ISLAMABAD, 5 June 2007 (IRIN) - Kamran Khan, 14, lives with polio in the Pakistani capital, Islamabad. Infected when he was just a year old - when there was little awareness of polio and current door-to-door vaccination efforts were not in place - he tells IRIN what it is like to live with this debilitating disease that continues to affect children in his country, and he hopes all parents everywhere have their children vaccinated.

Pakistan - alongside India, Afghanistan and Nigeria - remains one of four countries in the world today where the polio virus remains endemic.

"For me just being different is the toughest thing, but I never really understood how different I was until I was around nine or 10. Watching my friends run and play cricket, I wanted so badly to join them, but couldn't.

"Each day I would crawl on my hands and knees to the playground down the street to watch them, ripping my clothes as I dragged myself along the side of the road. And while my mother would get angry with me, she knew she couldn't keep me back. I wanted desperately to take part, to be 'normal' like the other kids. I didn't care how I got there.

"Two years ago I got my first wheelchair, which allows me greater mobility outside the home, but I still crawl around at home as our house is quite small and it's easier.

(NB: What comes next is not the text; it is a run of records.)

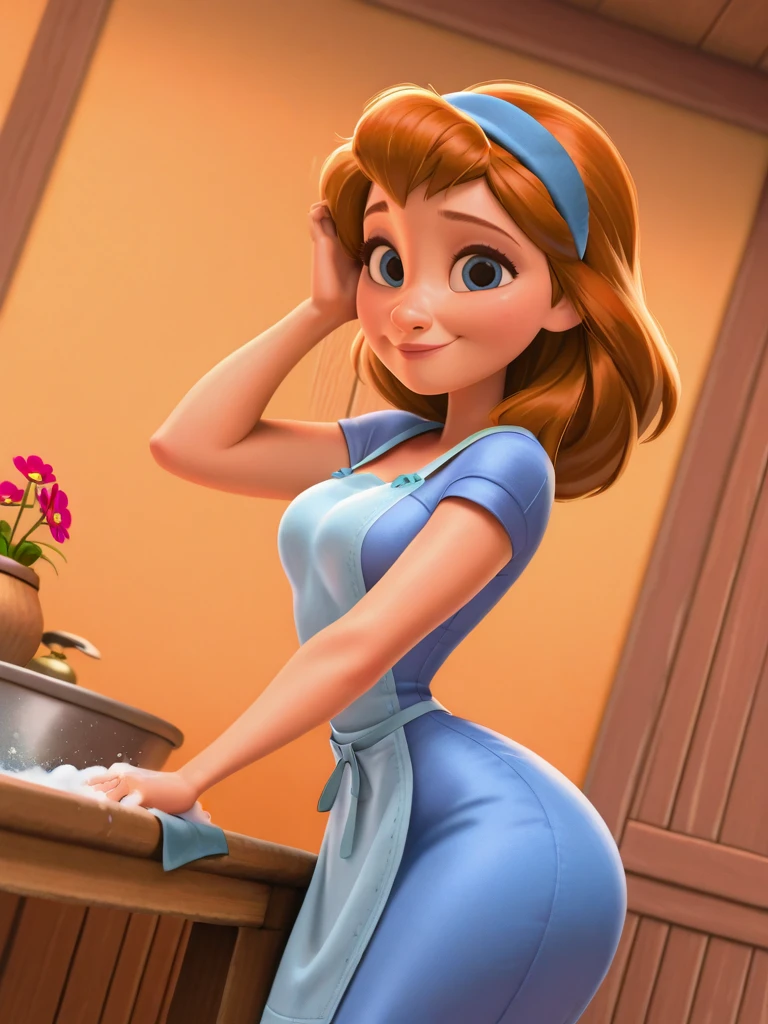 DisneyStudioXL, cinematic,
1girl, (belle \(disney\):1.1), dress, hairband, apron, medium breasts, narrow waist, wide hips,
smile, happy, dutch angle, cute pose, looking at viewer, indoors, wooden table, flowers around, dynamic pose, cowboy shot, washing, one hand on hair,, from side,
<lora:DisneyStudios_style-12IL:1>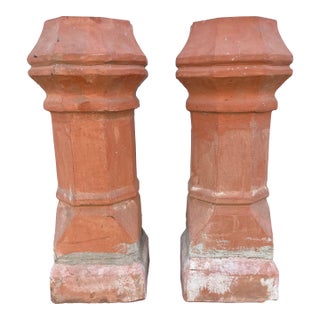 Early 20th Century Tall Terracotta Chimney Pots- A Pair For Sale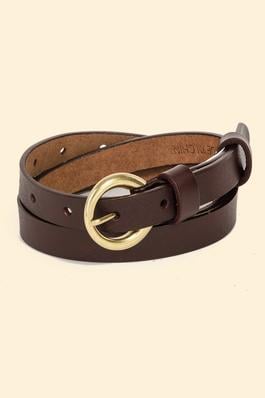 Faux Leather Thin Circle Buckle Belt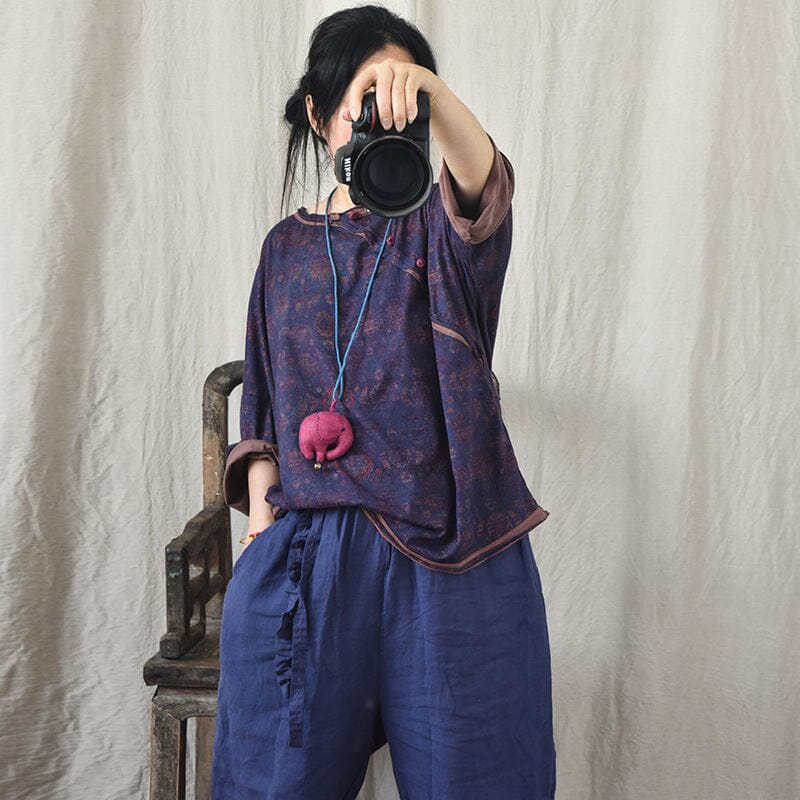 Women Autumn Retro Print Linen Knitted Blouse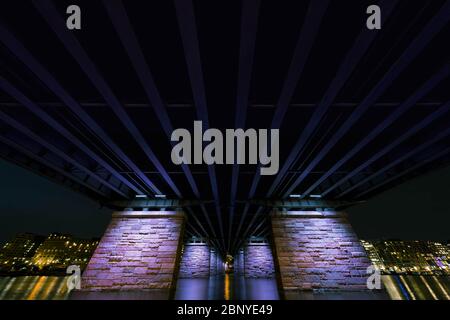 Il George Mason Memorial Bridge di notte a Washington, D.C. Foto Stock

"At 14, I still want to join in, but have accepted some of the realities of what living with polio brings. I have to adjust to being different, which is really hard sometimes. Life is meaningless if you can't participate - can't feel like everyone else - and, yes, I still cry sometimes.

"But fortunately, my family has always been behind me, as have my friends, who have been quite supportive. And while they have always tried to treat me the same as every one else, I know, with the physical handicap I have to live with, that's impossible.

"Not being able to walk - the hardest thing is accepting these realities; not being able to take care of myself, not even being able to go to the toilet without the help of others. For me this is the worst thing. I crawl into the washroom to relieve myself in a small pan, which my mother then has to empty for me.

"My father still feels guilty for not having me vaccinated against polio when I was a baby, but at that time there was no door-to-door vaccination programme in Pakistan and my family knew little about polio at the time. Even today, my father blames himself. And while he doesn't cry as much as he once did, he now worries constantly what will become of me when they are gone. What will I do? How will I take care of myself?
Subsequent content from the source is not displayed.